© Texto y fotografías: JAVIER PRIETO GALLEGO
Todo lo que hoy es Santiago de Compostela se sustenta sobre una sola piedra: la aparición legendaria de los restos del apóstol Santiago en el interior de un oscuro bosque, de nombre Libredón, en un momento incierto cercano al año 820. El anuncio -o invención- conmocionó de tal forma al mundo cristiano que el solo deseo de acudir al lugar fue configurando, al principio de manera espontánea, luego con total orden y concierto, una de las ciudades más visitadas de Europa.
Es el rey Alfonso II el Casto quien, con gran oportunidad histórica y excelente sentido estratégico, pone en pie la creencia de que los restos del Apóstol han aparecido en tierras cristianas para convertir en invencibles a los ejércitos que tratan de parar, con escaso éxito hasta ese momento, el avance del Islam en la Península. Comienza entonces el mito del Apóstol guerrero y batallador, implacable contra cualquier enemigo de “la única religión verdadera”. El rey astur acude raudo desde Oviedo hasta la tumba recién descubierta y se postra ante ella para convertirse en el primer peregrino jacobeo. Con rapidez emprende también las obras del primero de los templos que se levantarán sobre los restos sagrados. Establece así un lugar concreto hacia el que los creyentes puedan dirigirse para solicitar los favores de quien fuera, en vida, uno de los amigos más íntimos de Jesucristo.
Aquella basílica primitiva, levantada con cierta premura utilizando materiales pobres como el adobe y la madera no durará mucho. La noticia de las apariciones del Apóstol en batallas legendarias y de los milagros en los que interviene se extiende con rapidez por toda la Cristiandad, gracias, sobre todo, al apoyo entusiasta de las jerarquías eclesiásticas y políticas, que se ven reforzadas al mismo tiempo como responsables de su custodia.
En el año 872, Alfonso III derriba la levantada por su antecesor y erige otra más grande y suntuosa. Es necesario ya en ese momento que el templo en cuyo interior se encuentran los restos venerados alcance la dignidad que requieren las riadas de peregrinos que han comenzado a formarse. Como en una incesante bola de nieve, hábilmente empujada por mandatarios de una y otra índole, el Locus Sanctus Iacobi, el lugar sagrado que alberga las reliquias, comienza a poblarse con la llegada de las primeras ordenes religiosas que se disputan el cuidado directo del santuario. Surge en torno a esta nueva basílica, consagrada con la asistencia del rey Alfonso IIII en el 899, un pequeño núcleo de viviendas y edificios con funciones religiosas. La relevancia espiritual del lugar obliga a trazar también estructuras defensivas: empalizadas, torres y fosos acotan el territorio que ocupa la ya incipiente ciudad.
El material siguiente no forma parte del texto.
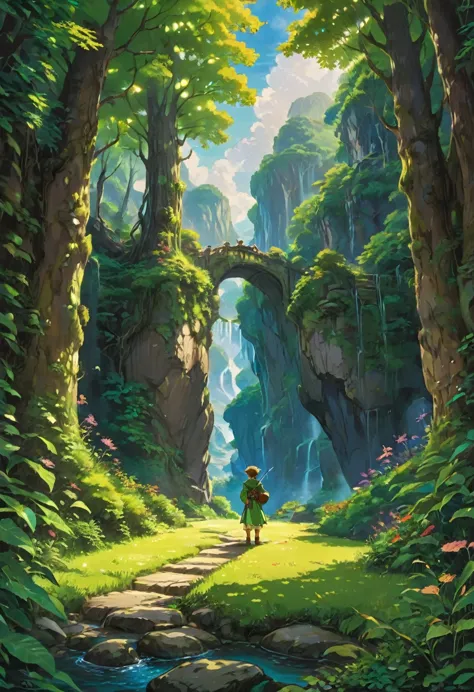 (Elf:1.4), detailed background, by Studio Ghibli, best quality, masterpiece, very aesthetic, perfect composition, intricate deta...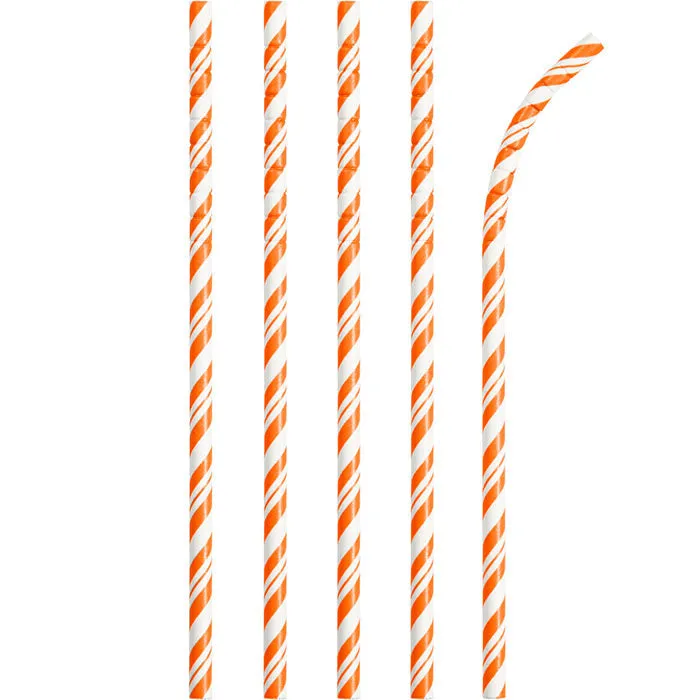 Bulk Sunkissed Orange and White Striped Flex Paper Straws (144 per Case)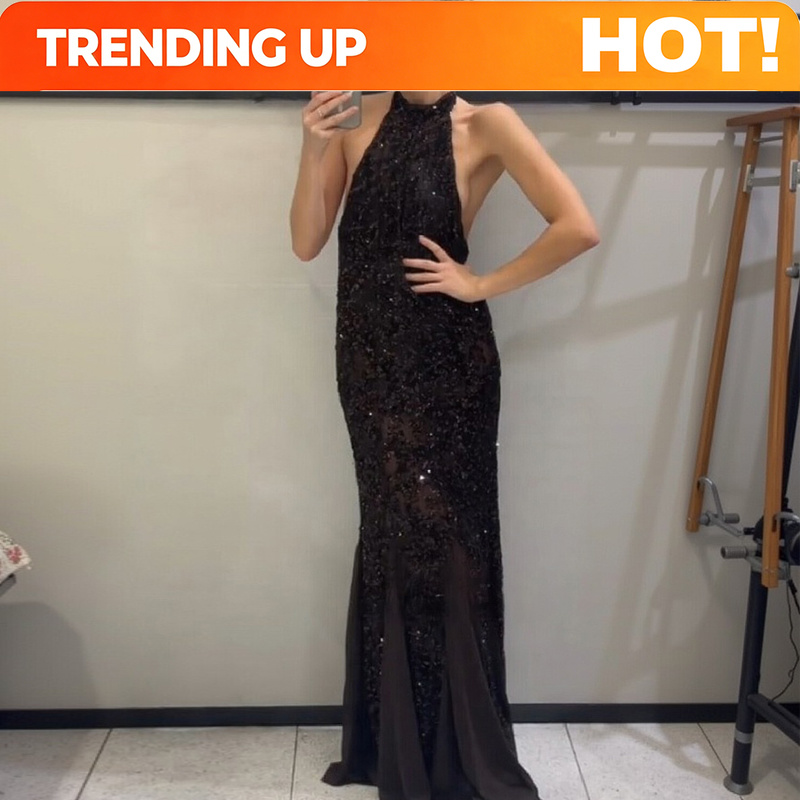 Women Fashion Gown - Zarif Pullu Parlak Halter Uzun Elbise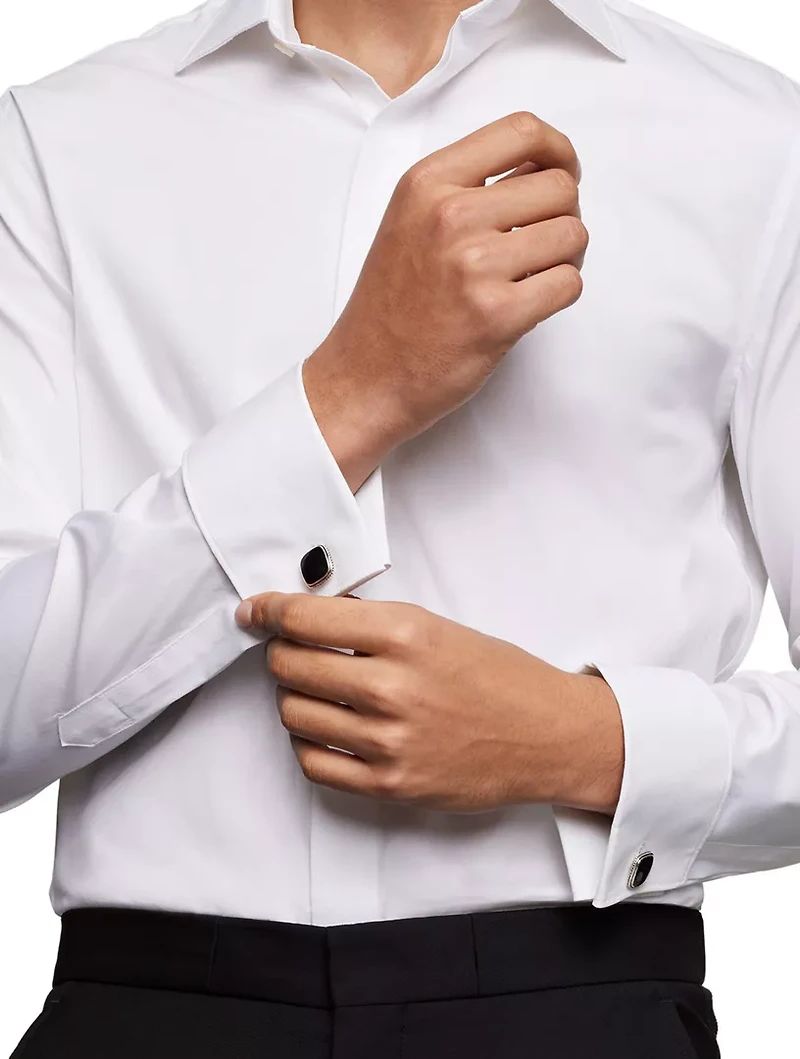 Streamline® Inlay Cufflinks In Sterling Silver With Black Onyx, 18mm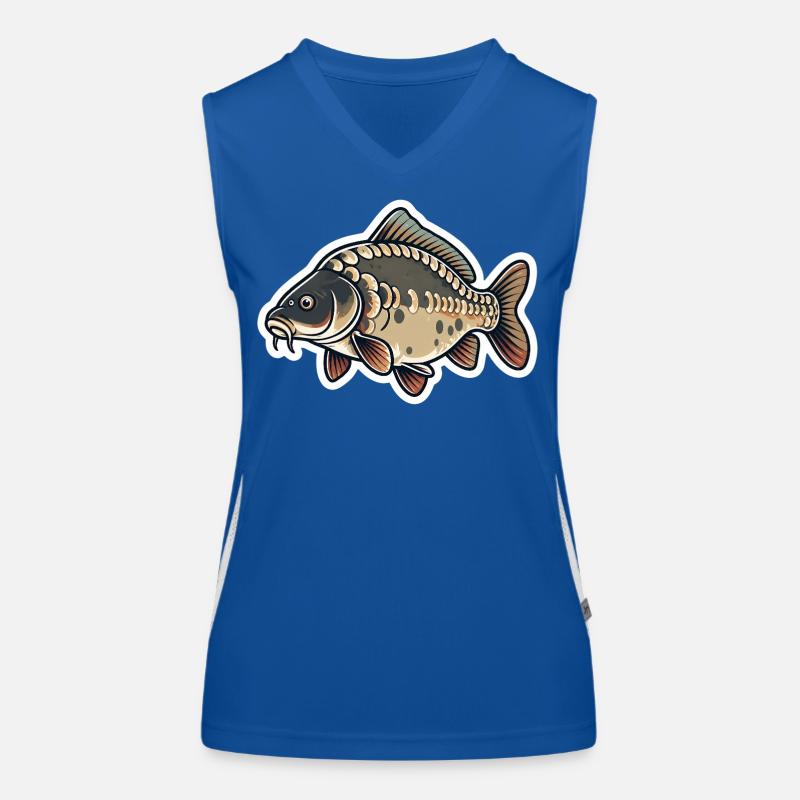 Dessin animé de carpe miroir – Mignonne conception de pêche à la carpe Débardeur respirant contrasté Femme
Un episodio que revela la importancia que va adquiriendo el enclave es el que relata el encono con el que Almanzor arrasa Compostela en el año 997, llevándose como botín las campanas de la Catedral y sus pesadas puertas de madera para utilizarlas como adornos en la Mezquita. Santiago es ya un referente espiritual a la altura de Roma o Jerusalén y su destrucción implica la humillación del mundo cristiano. Pero Santiago se recupera de éste y de otros importantes asaltos y asedios que padecerá a lo largo de su historia. La Catedral es inmediatamente rehecha y una serie consecutiva de particulares obispos y arzobispos asumen la tarea personal de engrandecerla, como la forma más evidente de consolidar y proclamar el poder que las altas jerarquías eclesiales han venido acumulando con el paso de los siglos. El fenómeno de las peregrinaciones alcanza a lo largo de la Edad Media su periodo de mayor esplendor y Santiago de Compostela –tanto como el camino que conduce hasta la ciudad-, se consolida como un auténtico foco de religiosidad y cultura. Esa ciudad medieval, urbanizada con ahínco a lo largo de los siglos XVIII y XIX constituyen hoy el núcleo histórico de Santiago, declarado Patrimonio de la Humanidad en 1985.